The final phase for Polya is “looking back.” Or learning from the solution: People should "consolidate their knowledge.”

While Dhaliwal broadly follows this four-step method, he stresses that procedures are not enough. While a focused method is helpful, thorny issues don’t always fit nicely into categories.

This idea is clear in medicine. After all, symptoms rarely match up perfectly with an illness. Dizziness can be the signal of something serious—or a symptom of a lack of sleep. “What is tricky is to figure out what’s signal and what’s noise,” Dhaliwal told me.

In this regard, Dhaliwal argues that what’s at the heart of effective problem solving is making a robust connection between the problem and the solution. "Problem solving is part craft and part science, " Dhaliwal says, a type of "matching exercise. "

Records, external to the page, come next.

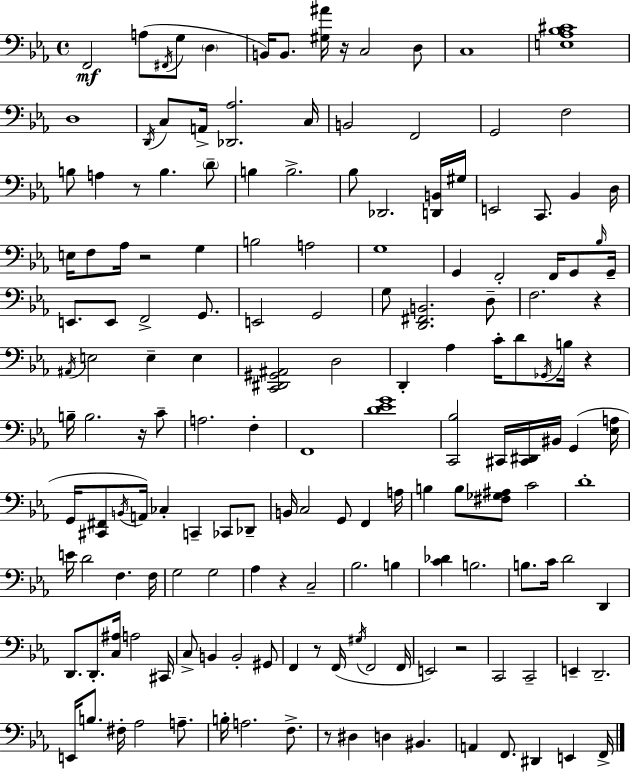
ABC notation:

X:1
T:Untitled
M:4/4
L:1/4
K:Cm
F,,2 A,/2 ^F,,/4 G,/2 D, B,,/4 B,,/2 [^G,^A]/4 z/4 C,2 D,/2 C,4 [E,_A,_B,^C]4 D,4 D,,/4 C,/2 A,,/4 [_D,,_A,]2 C,/4 B,,2 F,,2 G,,2 F,2 B,/2 A, z/2 B, D/2 B, B,2 _B,/2 _D,,2 [D,,B,,]/4 ^G,/4 E,,2 C,,/2 _B,, D,/4 E,/4 F,/2 _A,/4 z2 G, B,2 A,2 G,4 G,, F,,2 F,,/4 G,,/2 _B,/4 G,,/4 E,,/2 E,,/2 F,,2 G,,/2 E,,2 G,,2 G,/2 [D,,^F,,B,,]2 D,/2 F,2 z ^A,,/4 E,2 E, E, [C,,^D,,^G,,^A,,]2 D,2 D,, _A, C/4 D/2 _G,,/4 B,/4 z B,/4 B,2 z/4 C/2 A,2 F, F,,4 [D_EG]4 [C,,_B,]2 ^C,,/4 [^C,,^D,,]/4 ^B,,/4 G,, [_E,A,]/4 G,,/4 [^C,,^F,,]/2 B,,/4 A,,/4 _C, C,, _C,,/2 _D,,/2 B,,/4 C,2 G,,/2 F,, A,/4 B, B,/2 [^F,_G,^A,]/2 C2 D4 E/4 D2 F, F,/4 G,2 G,2 _A, z C,2 _B,2 B, [C_D] B,2 B,/2 C/4 D2 D,, D,,/2 D,,/2 [C,^A,]/4 A,2 ^C,,/4 C,/2 B,, B,,2 ^G,,/2 F,, z/2 F,,/4 ^G,/4 F,,2 F,,/4 E,,2 z2 C,,2 C,,2 E,, D,,2 E,,/4 B,/2 ^F,/4 _A,2 A,/2 B,/4 A,2 F,/2 z/2 ^D, D, ^B,, A,, F,,/2 ^D,, E,, F,,/4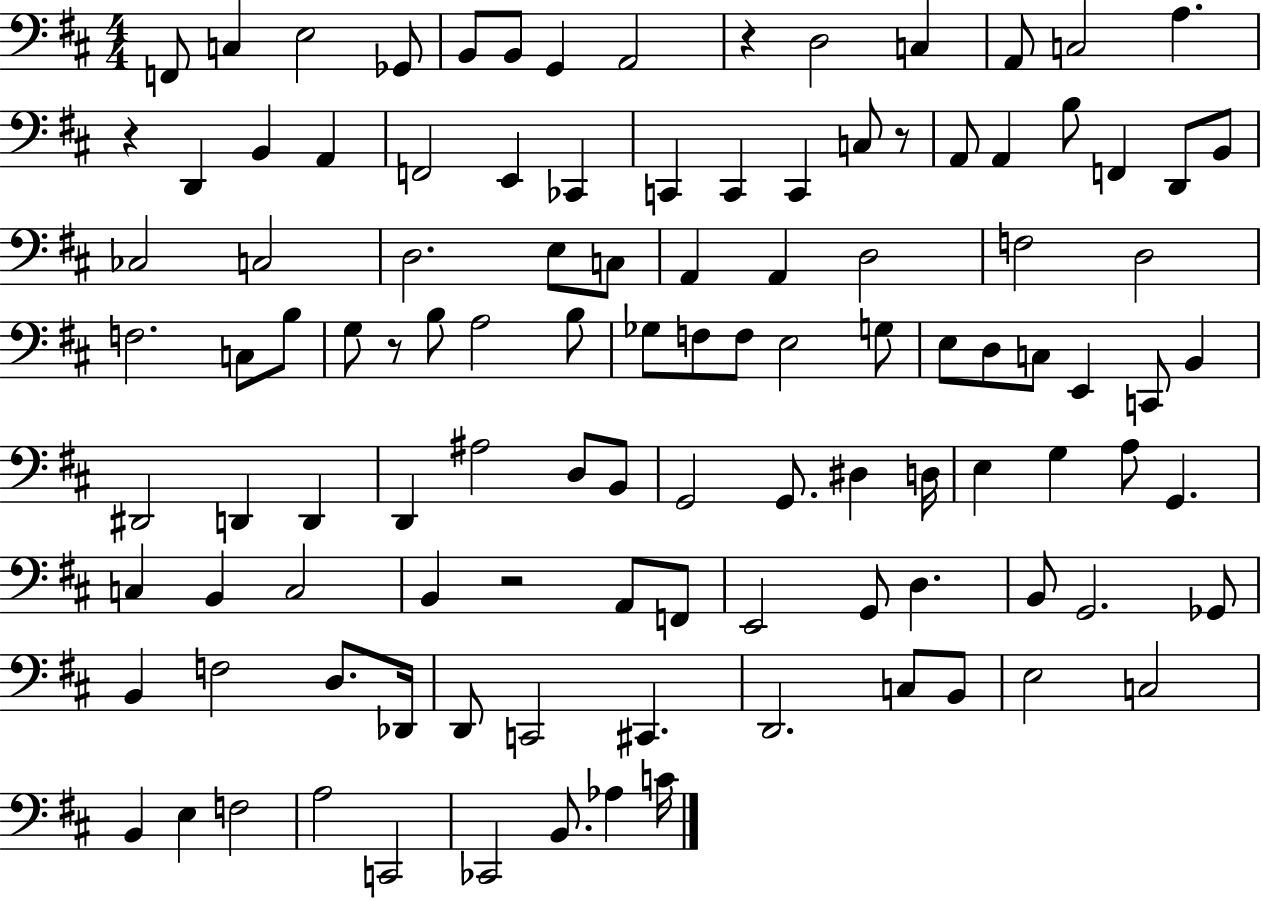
F2/e C3/q E3/h Gb2/e B2/e B2/e G2/q A2/h R/q D3/h C3/q A2/e C3/h A3/q. R/q D2/q B2/q A2/q F2/h E2/q CES2/q C2/q C2/q C2/q C3/e R/e A2/e A2/q B3/e F2/q D2/e B2/e CES3/h C3/h D3/h. E3/e C3/e A2/q A2/q D3/h F3/h D3/h F3/h. C3/e B3/e G3/e R/e B3/e A3/h B3/e Gb3/e F3/e F3/e E3/h G3/e E3/e D3/e C3/e E2/q C2/e B2/q D#2/h D2/q D2/q D2/q A#3/h D3/e B2/e G2/h G2/e. D#3/q D3/s E3/q G3/q A3/e G2/q. C3/q B2/q C3/h B2/q R/h A2/e F2/e E2/h G2/e D3/q. B2/e G2/h. Gb2/e B2/q F3/h D3/e. Db2/s D2/e C2/h C#2/q. D2/h. C3/e B2/e E3/h C3/h B2/q E3/q F3/h A3/h C2/h CES2/h B2/e. Ab3/q C4/s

To get a sense of Dhaliwal’s approach, I once watched him solve a perplexing case. It was at a medical conference, and Dhaliwal stood at a dais as a fellow doctor explained the case: Basically, a man came into ER one day—let’s call him Andreas—and he spat up blood, could not breath very well, and had a slight fever.

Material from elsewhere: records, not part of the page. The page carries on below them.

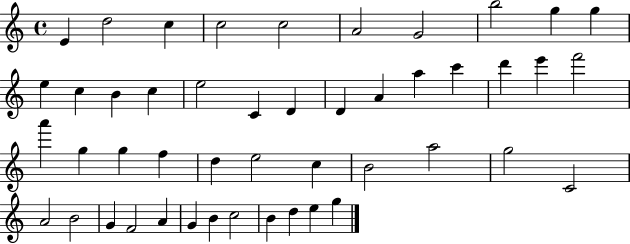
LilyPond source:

{
  \clef treble
  \time 4/4
  \defaultTimeSignature
  \key c \major
  e'4 d''2 c''4 | c''2 c''2 | a'2 g'2 | b''2 g''4 g''4 | \break e''4 c''4 b'4 c''4 | e''2 c'4 d'4 | d'4 a'4 a''4 c'''4 | d'''4 e'''4 f'''2 | \break a'''4 g''4 g''4 f''4 | d''4 e''2 c''4 | b'2 a''2 | g''2 c'2 | \break a'2 b'2 | g'4 f'2 a'4 | g'4 b'4 c''2 | b'4 d''4 e''4 g''4 | \break \bar "|."
}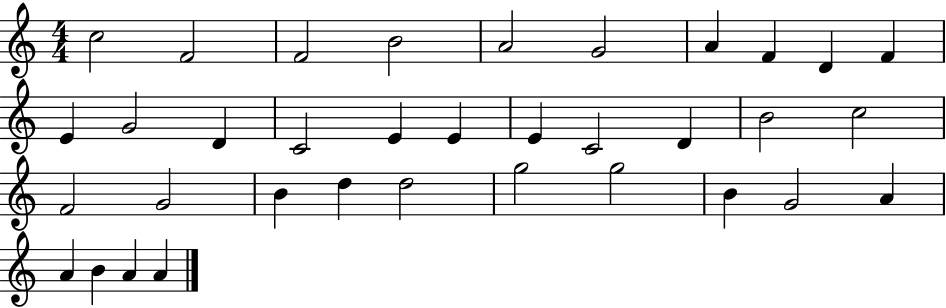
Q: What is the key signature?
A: C major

At the start of the process, Dhaliwal recommends developing a one-sentence description of the problem. "It’s like a good Google search,” he said. “You want a concise summary,” and in this case, it was: Sixty-eight-year-old man with hemoptysis, or coughing up blood.

Dhaliwal also makes a few early generalizations, and he thought that Andreas might have a lung infection or an autoimmune problem. There wasn’t enough data to offer any sort of reliable conclusion, though, and really Dhaliwal was just gathering information.

Then came an x-ray, an HIV test, and as each bit of evidence rolled in, Dhaliwal detailed various scenarios, assembling the data in different ways. “To diagnosis, sometimes we are trying to lump, and sometimes trying to split,” he said.

Dhaliwal’s eyes flashed, for instance, when it became apparent that Andreas had worked in a fertilizer factory. It meant that Andreas was exposed to noxious chemicals, and for a while, it seemed like a toxic substance was at the root of Andreas’s illness.

Dhaliwal had a few strong pieces of evidence that supported the theory including some odd-looking red blood cells. But Dhaliwal wasn't comfortable with the level of proof. “I'm like an attorney presenting in a court of law,” Dhaliwal told me. “I want evidence.”

As the case progressed, Dhaliwal came across a new detail, and there was a growth in the heart. This shifted the diagnosis, knocking out the toxic chemical angle because it doesn't spark tumors.

Eventually, Dhaliwal uncovered a robust pattern, diagnosing Andreas with a cardiac angiosarcoma, or heart cancer. The pattern best explained the problem. “Diagnosing often comes down the ability to pull things together,” he said.

Dhaliwal doesn’t always get the right answer. But at the same time, it was clear that a more focused approach to problem solving can make a clear difference. If we’re more aware of how we approach an issue, we are better able to resolve the issue.

This idea explains why people who talk to themselves are more effective at problem solving. Self-queries—like is there enough evidence?—help us think through an issue.

As for Dhaliwal, he had yet another problem to solve after his diagnosis of Andreas: Should he take an Uber to the airport? Or should he grab a cab? After a little thought, Dhaliwal decided on an Uber. It was likely to be cheaper and equally comfortable. In other words, it was the solution that best matched the problem.